Entretien
Propos recueillis par Kévin Boucaud-Victoire
Lauréat du prix Goncourt en 1992, l’écrivain martiniquais Patrick Chamoiseau publie « Manifestes », un recueil de textes écrits avec son ami Edouard Glissant, disparu il y a 10 ans. Rencontre.
Romancier, poète et philosophe martiniquais, Edouard Glissant nous a quittés le 3 février 2011. Pourtant, le grand public ne fait que découvrir sa pensée riche. Un exemple récent en témoigne : la mise en avant de sa notion de « créolisation » par Jean-Luc Mélenchon et les débats qui ont suivi. Ecrivain et ami proche du poète, Patrick Chamoiseau revient avec nous sur ses « poécepts ».
Marianne : En quoi la pensée d’Edouard Glissant est-elle encore d’actualité ?

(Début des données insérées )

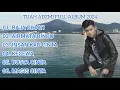 Tuah Adzmi Full Album 2024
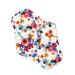 Mama Pads Washable Towel Cloth Menstrual Pads Portable Towel Napkin Pad Mother Maternity Cloth Towel Mama Pads Reusable Menstrual Pads Reusable Menstrual Pads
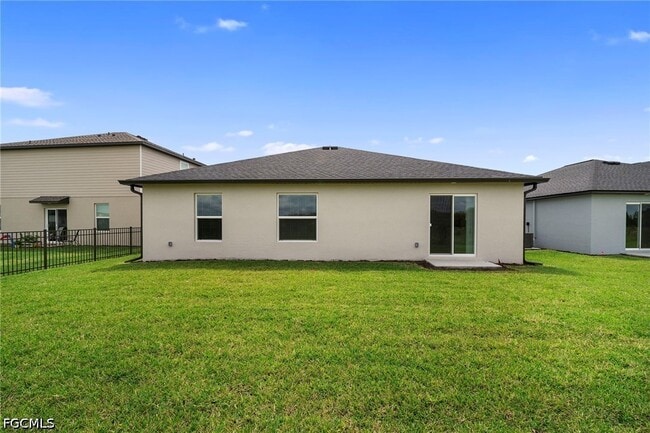Photo - 4087 Lattuca Ln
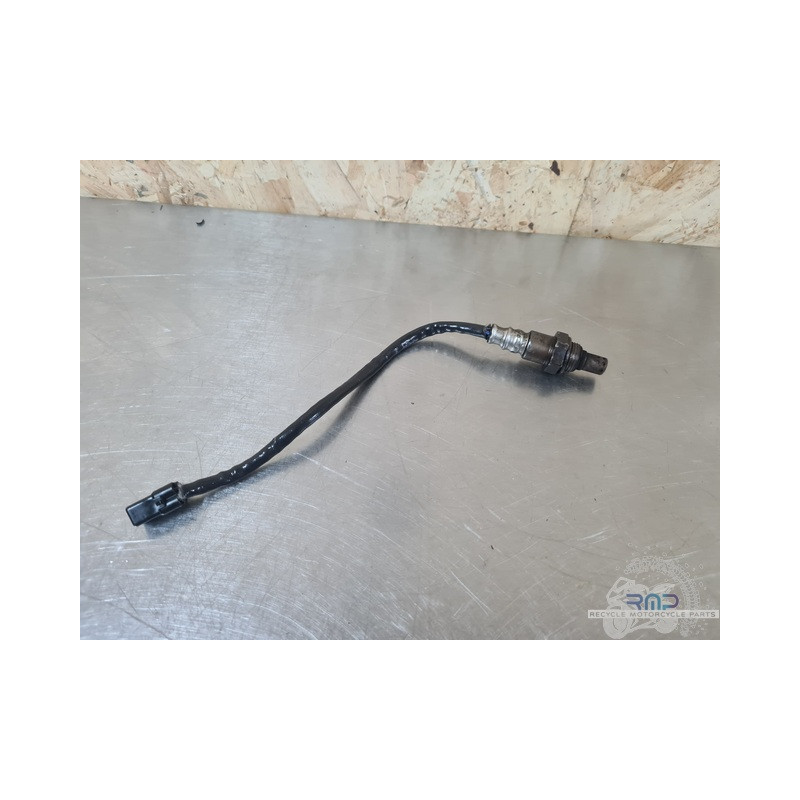 Sonde lambda Yamaha MT-09 2014 à 2016 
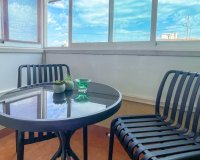 Resale - Apartments - Flats - Torrevieia - Torrevieja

Patrick Chamoiseau :Son œuvre relève d’une « pensée du poème », d’une poétique, dans laquelle il articule une série impressionnante de »poécepts ». Le poécept est un précipité de concept et de feu poétique. Il se disait avant tout poète, alors qu’il aurait pu se revendiquer penseur, philosophe, anthropologue, essayiste, romancier, dramaturge… Sa référence au poète ne concernait pas seulement la pratique d’une écriture poétique. Elle le plaçait d’emblée en dehors de ce qu’il détestait le plus : les pensées de système ou les systèmes de pensée, ces vanités qui s’efforcent d’insérer la complexité inépuisable du monde dans une explication définitive. Avec le néolibéralisme qui triomphe aujourd’hui, nous sommes dans ce mode d’idéologie totalitaire.
Une poétique est un mode de connaissance des « états-du-monde » et des situation humaines qui ouvre, non pas à une explication ou à une vérité, mais à un esprit de création. C’est d’abord cela que les dominations enlèvent aux humains : leur esprit de création. La créativité est le mode de résistance le plus essentiel à tous les fascismes passés et à venir. La poétique glissantienne n’est pas simplement un savoir que l’on peut engranger sur le rayonnage d’une érudition stérile. Elle permet à celui qui sait la lire, d’accéder à un « état poétique » et par là-même à vivre avec un « esprit de création ». Glissant s’en est tenu aux opacités et aux indéfinitions stimulantes d’une poétique, obligeant chacun non pas à « penser avec » mais à se » construire avec », pas de vérité assénée, que du vivant à retrouver en soi et à vivre.
« Notre densité poétique a été réduite aux pulsions de la consommation et aux enchantements du pouvoir d’achat »
Quand il propose le poécept de « Tout-monde », il nous invite à regarder le monde autrement, pas dans l’évidence de la mondialisation économique, mais dans l’inattendu de cette globalisation : l’alchimie des phénomènes humains qu’il nomme la mondialité. Le simple fait d’ajuster la focale sur l’humain, et avec lui sur le vivant, est déjà infiniment précieux par les temps de deshumain et d’écocide que nous vivons. Mais cela va plus loin.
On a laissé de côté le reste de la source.